– Ukraińskie wojska prawie całkowicie wyparły separatystów z terenu lotniska w Doniecku, wokół którego od miesięcy toczone są ciężkie walki – oświadczył rzecznik Rady Bezpieczeństwa Narodowego i Obrony (RBNiO) Andrij Łysenko.
– Mimo masowych ostrzałów dokonywanych przez terrorystów na nasze pozycje wojskowe udało się obronić ten strategicznie ważny obiekt przed bojownikami.
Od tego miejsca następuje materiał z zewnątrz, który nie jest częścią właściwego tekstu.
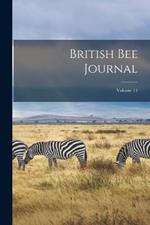 British Bee Journal; Volume 14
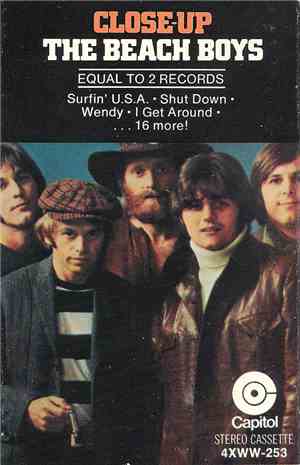 The Beach Boys - Close-Up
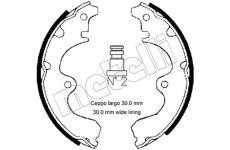 Sada brzdových čeľustí METELLI 53-0634
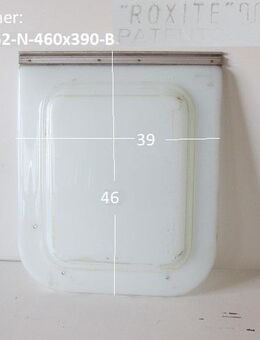 Wohnwagenfenster BADFENSTER Roxite D62 ca 46 x 39 (Lagerware -> Neue Ware mit Lagerspuren) Fendt / Tabbert - Schotten Zentrum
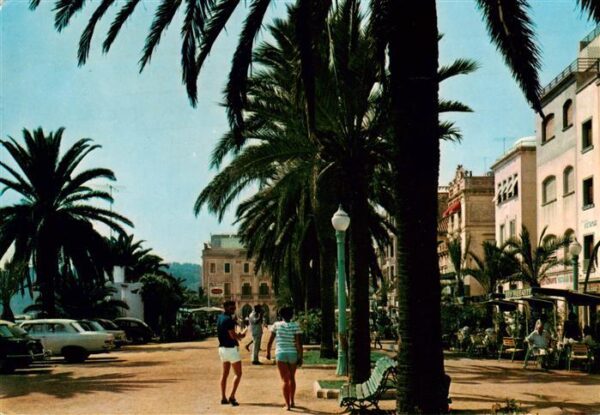 Lloret de Mar Paseo Verdaguer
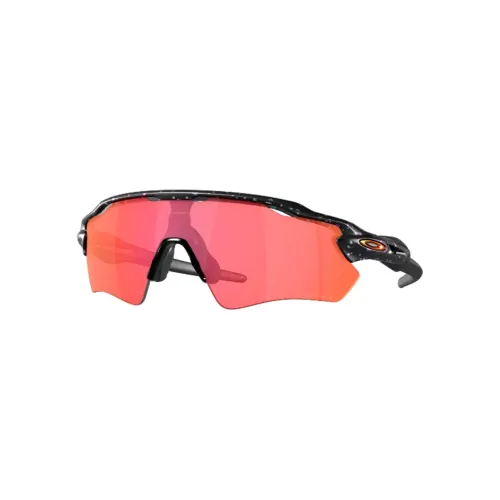 Oakley Металл Нерегулярная форма Солнцезащитные очки Унисекс Черный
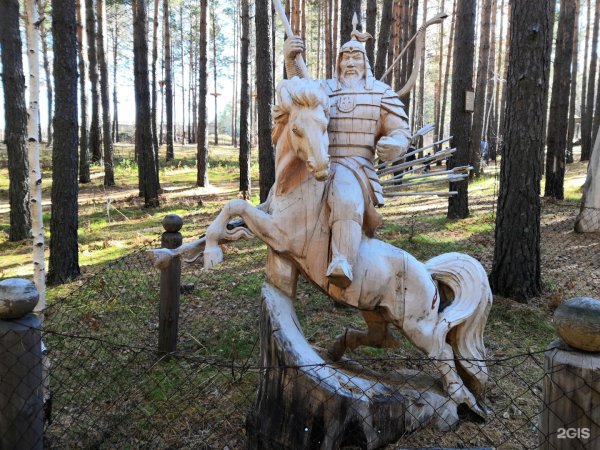 Парк Лукоморье Савватеевка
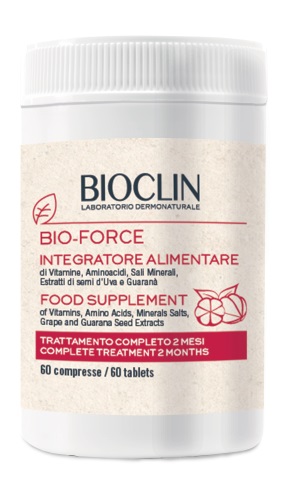 BIOCLIN BIO FORCE 60 COMPRESSE SPECIAL PRICE - Fontenova srl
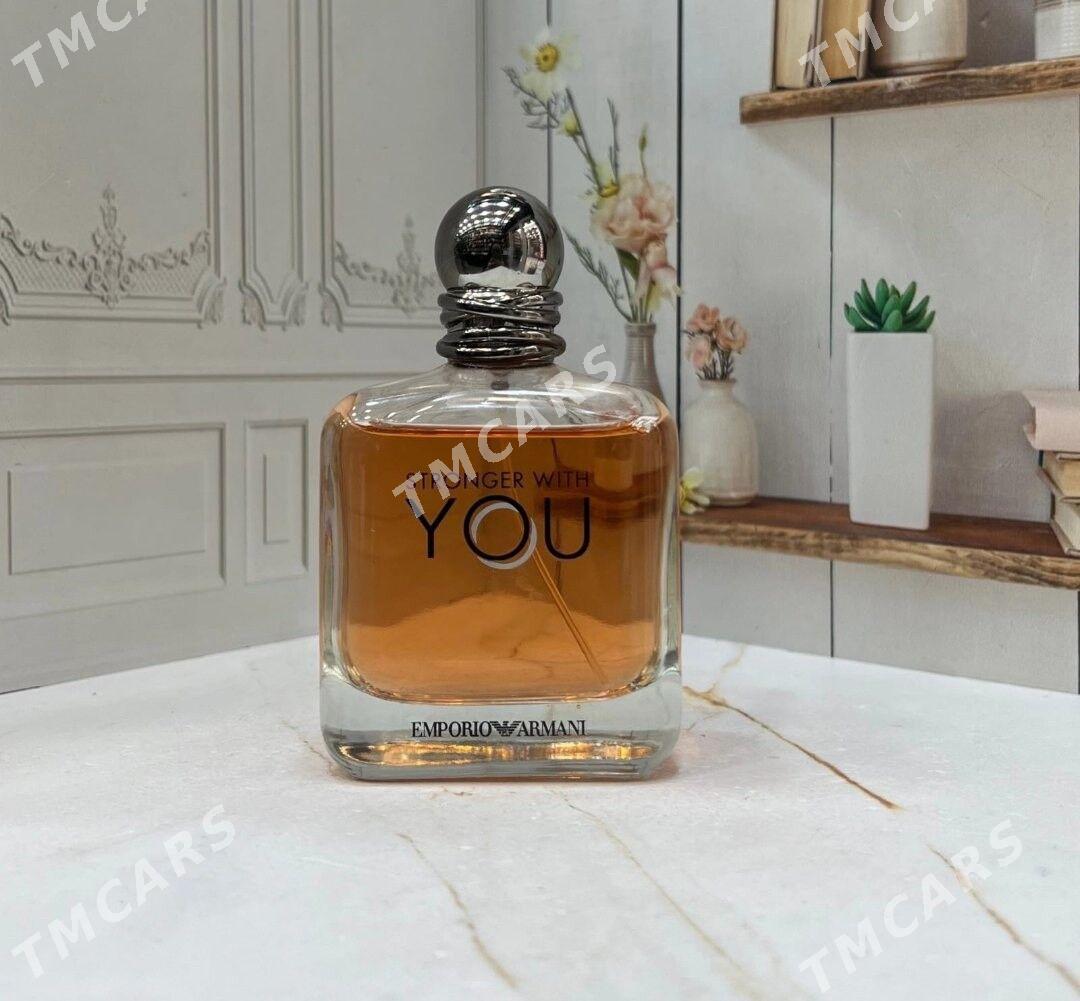 Armani Stronger with you 100ml - Ашхабад - img 3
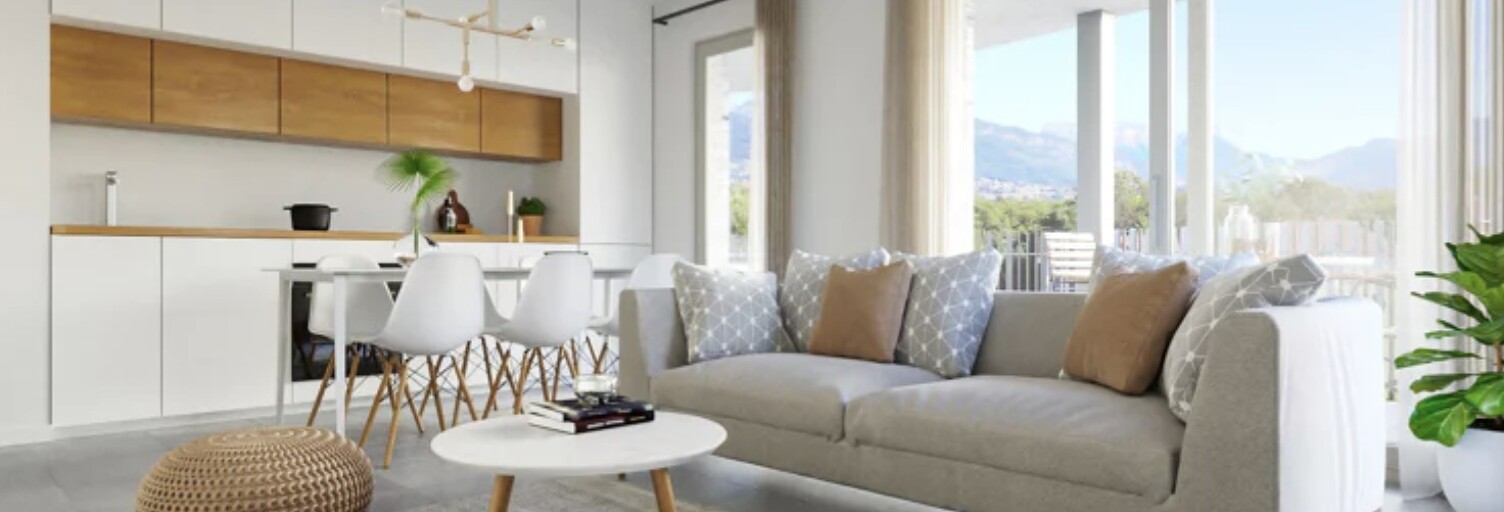 Appartement  82 m² à vendre à Crolles (38920)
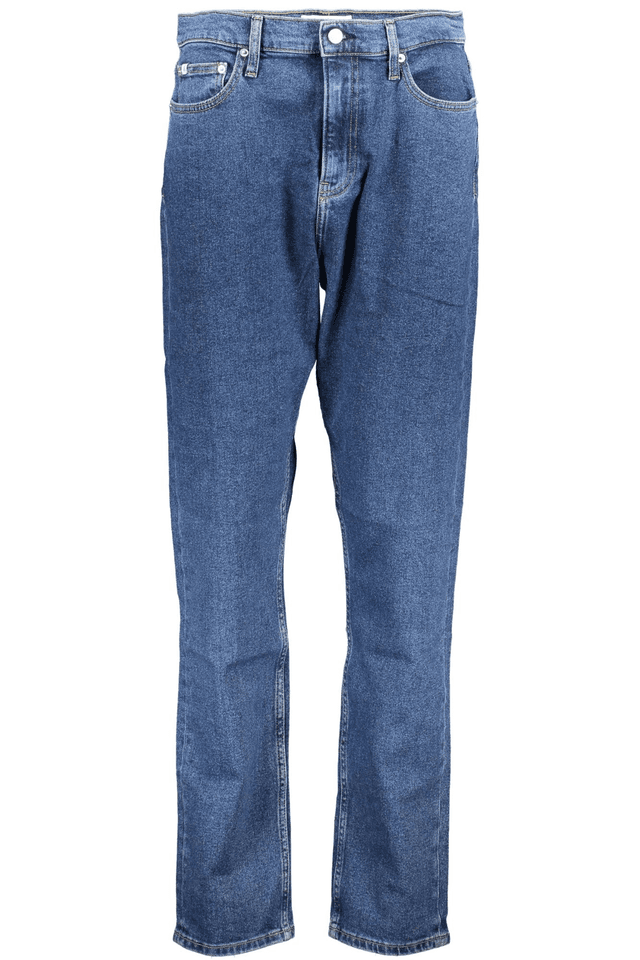 5876CALVIN KLEIN JEANS DENIM DONNA BLU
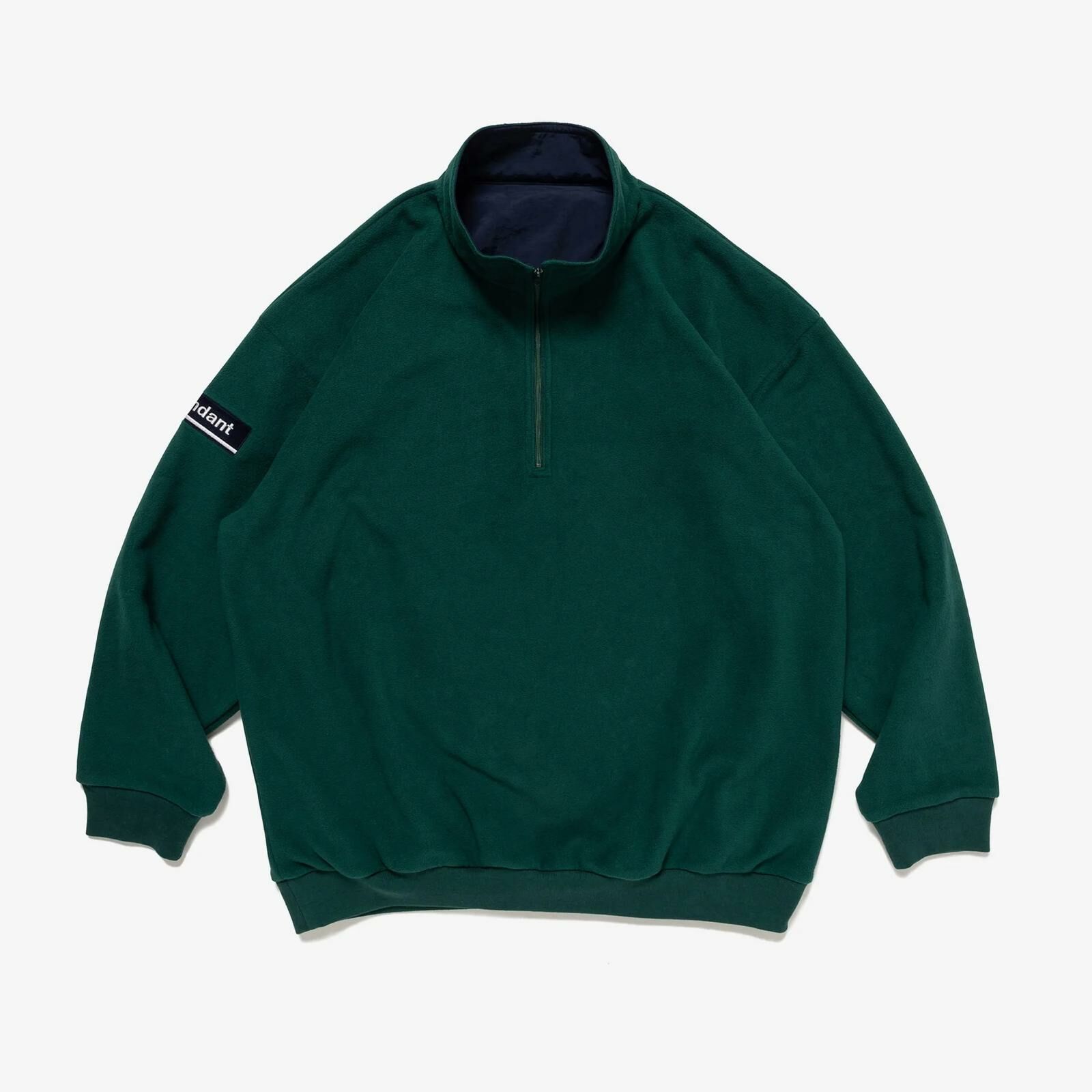 TIDE HALFZIP FLEECE LS SHIRT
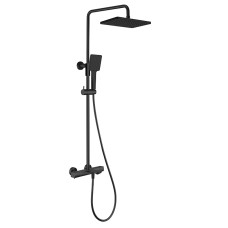 01382-9 Душевая система KAISER Cube с термостатом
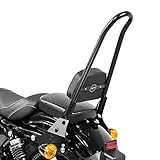 Entregado listo para instalar, no se requieren accesorios adicionales. Kit de montaje para el sistema de liberación rápida en la moto (docking hardware kit) incluido.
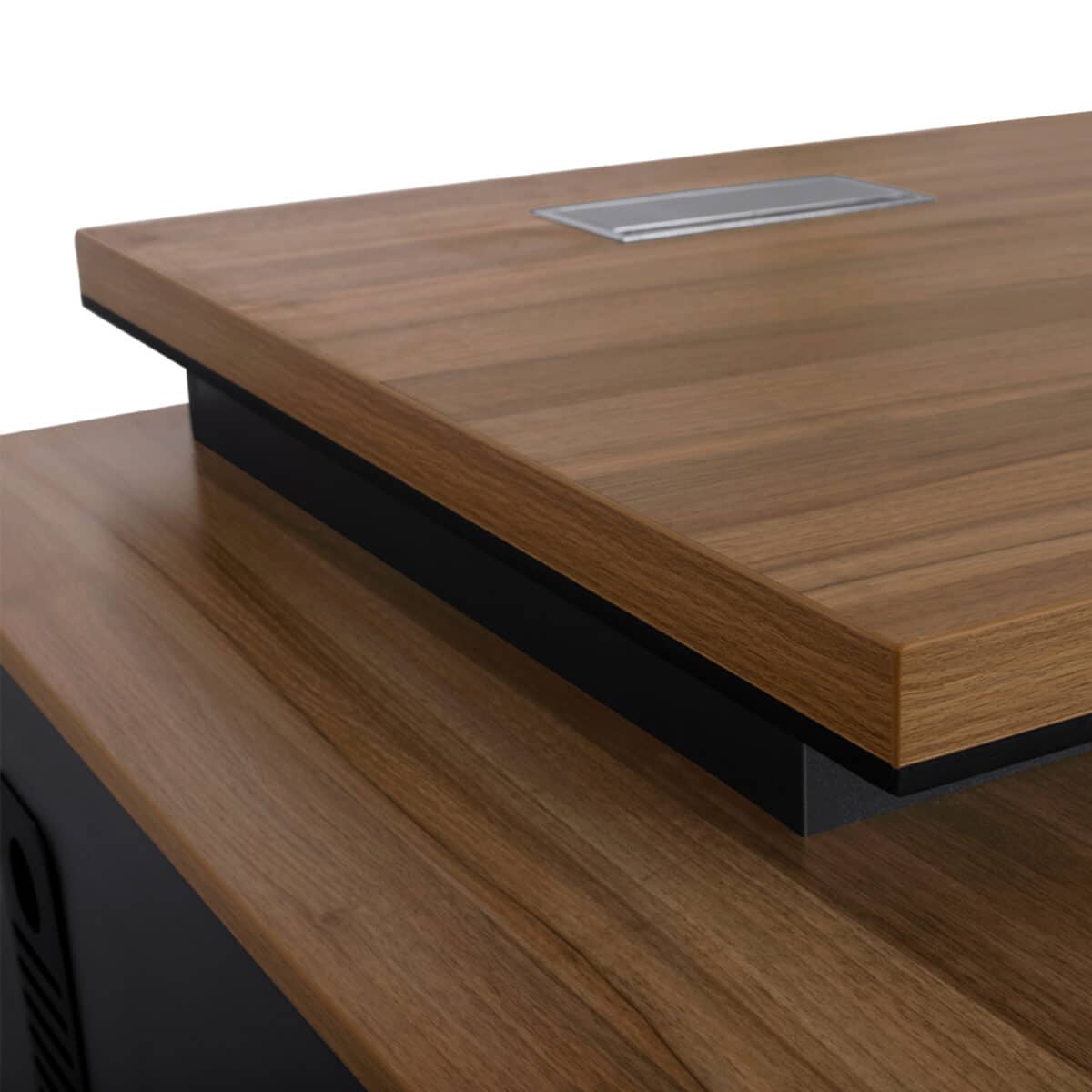 ΓΡΑΦΕΙΟ ΕΠΑΓΓΕΛΜΑΤΙΚΟ ΓΩΝΙΑ ΑΝΑΣΤΡΕΨΙΜΗ SUPREME 199X180X76 HM2347 - Image 5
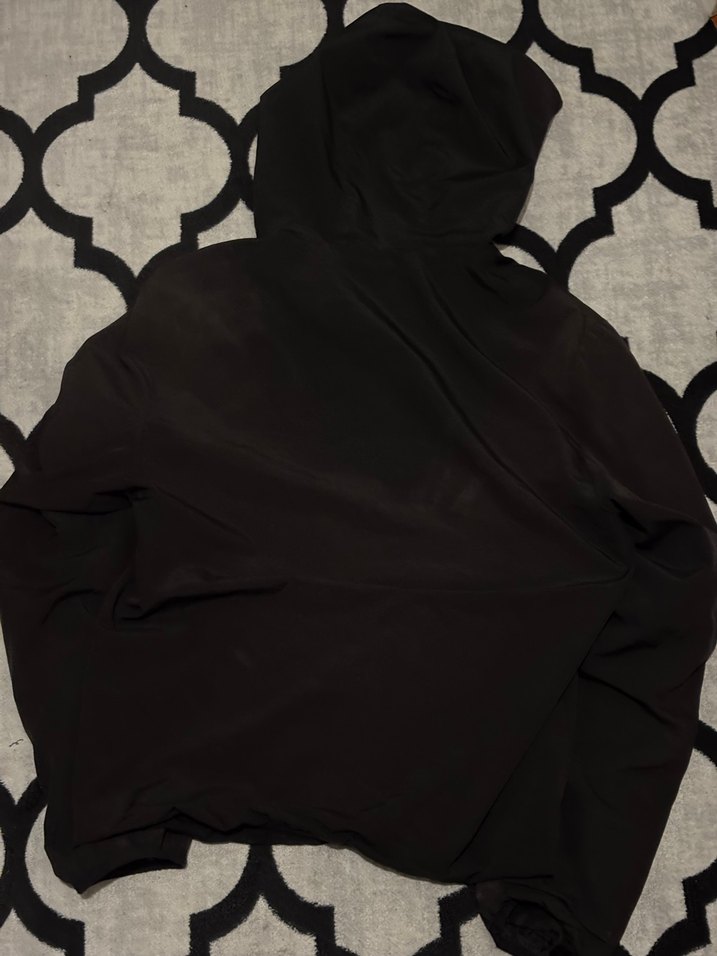 Siyah Erkek Zara Fleece Yapmurluk - Görsel 5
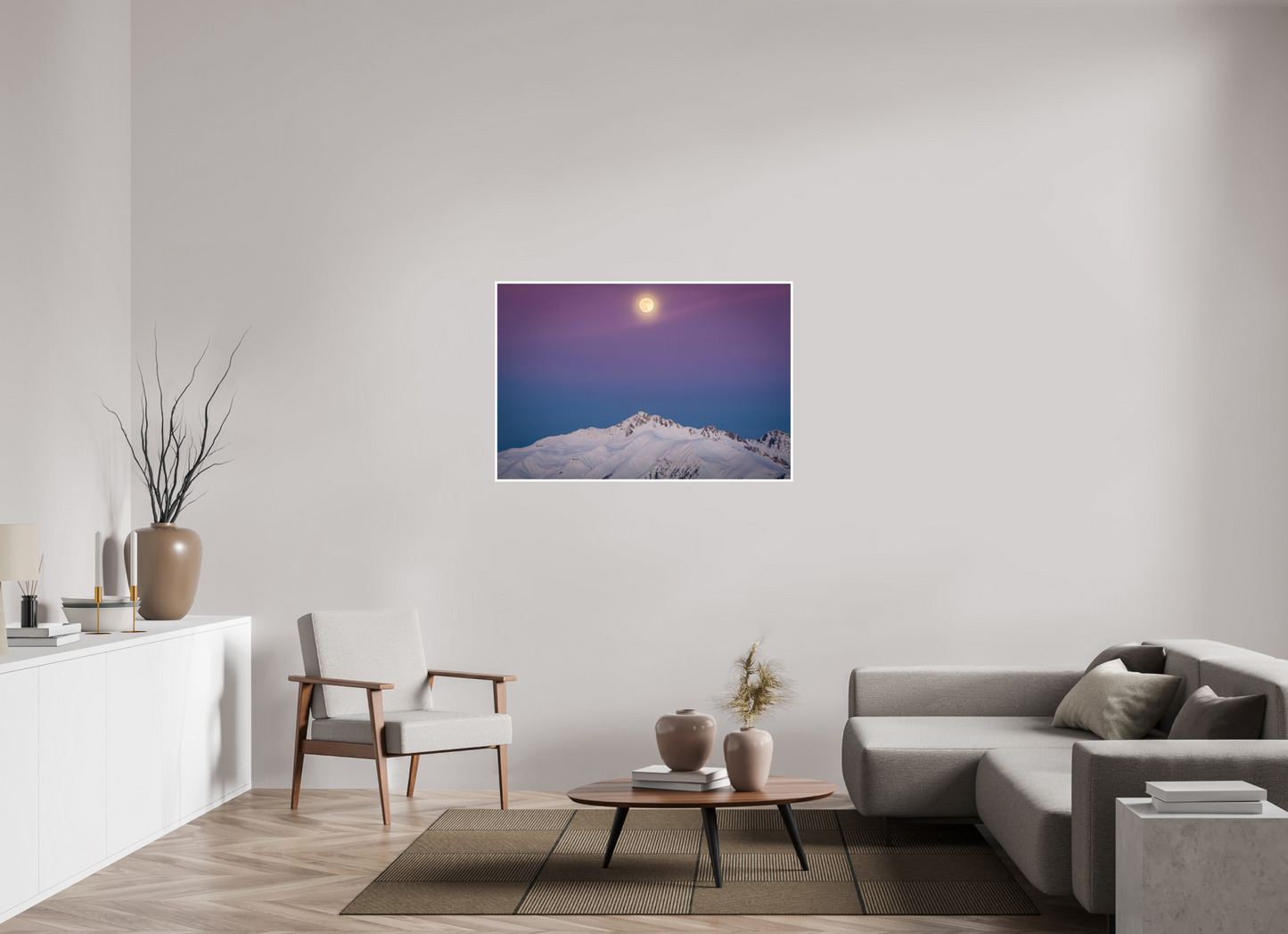 Visez la lune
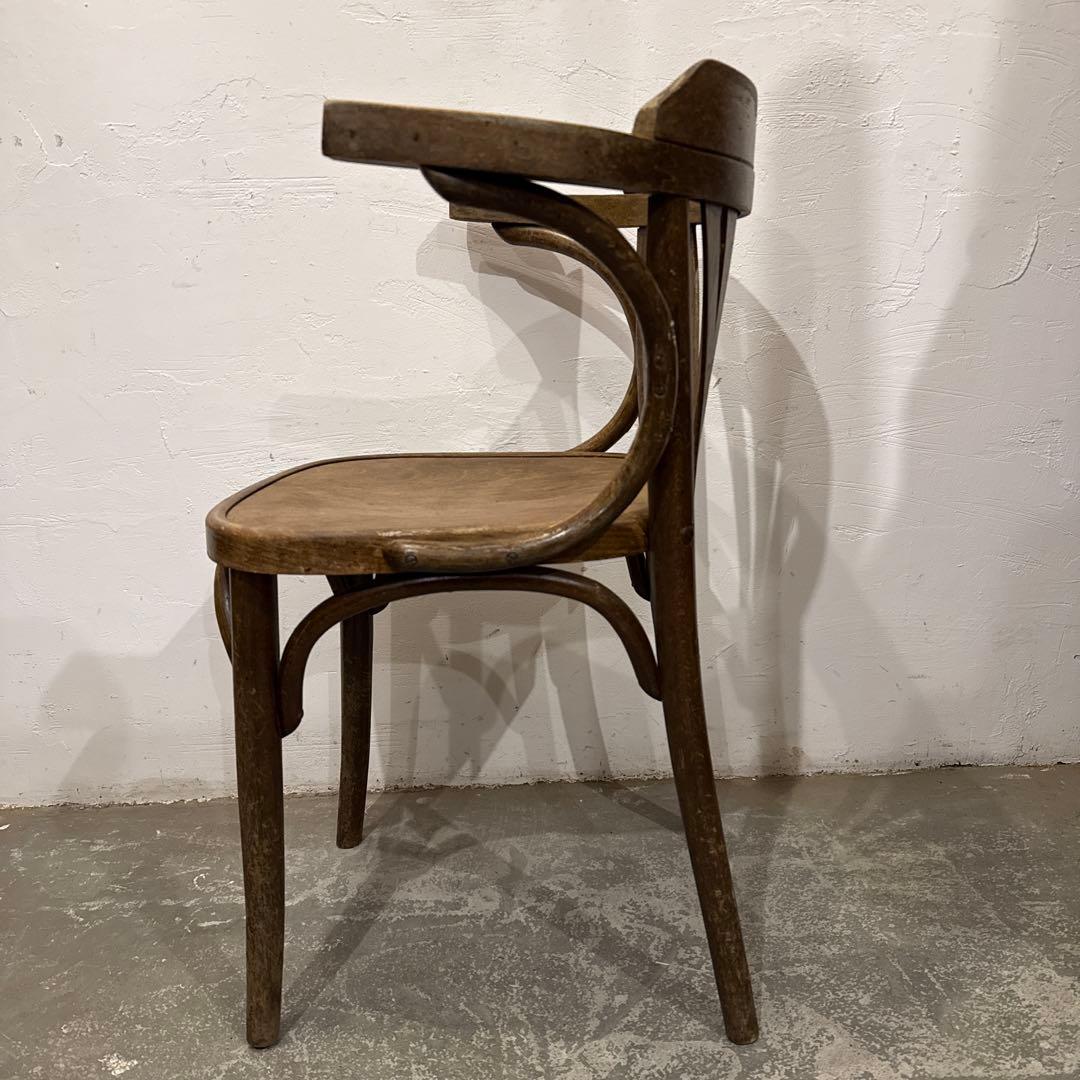 ヴィンテージ　ダイニングチェア　カフェチェア　アームチェア　2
Bez względu na intensywny ogień ze strony przeciwnika trwa ewakuacja rannych – powiedział rzecznik.
Jak poinformował Łysenko, w walkach z separatystami w ciągu ostatniej doby zginęło czterech ukraińskich żołnierzy, a 32 zostało rannych.
Rzecznik zaznaczył, że od soboty ugrupowania separatystów ostrzeliwały dzielnice mieszkalne Doniecka i położonych obok miejscowości. Tak było m.in. w Artemiwsku, mieście Marjinske i Jasynuwata, a także w rejonie Popasnej w obwodzie ługańskim.
Wcześniej doradca prezydenta Petra Poroszenki Jurij Biriukow ogłosił, że ukraińskie wojska zgrupowane na zachód od Doniecka otrzymały rozkaz otwarcia ognia na pozycje prorosyjskich separatystów z tzw. Donieckiej Republiki Ludowej.
W mediach i serwisach społecznościowych pojawiły się informacje, że armia ruszyła w głąb zajmowanego przez rebeliantów Doniecka, jednak dowództwo rządowej operacji antyterrorystycznej zaprzeczyło tym doniesieniom.
Na wschodniej Ukrainie zgodnie z porozumieniami pokojowymi zawartymi we wrześniu w Mińsku powinno obowiązywać zawieszenie broni.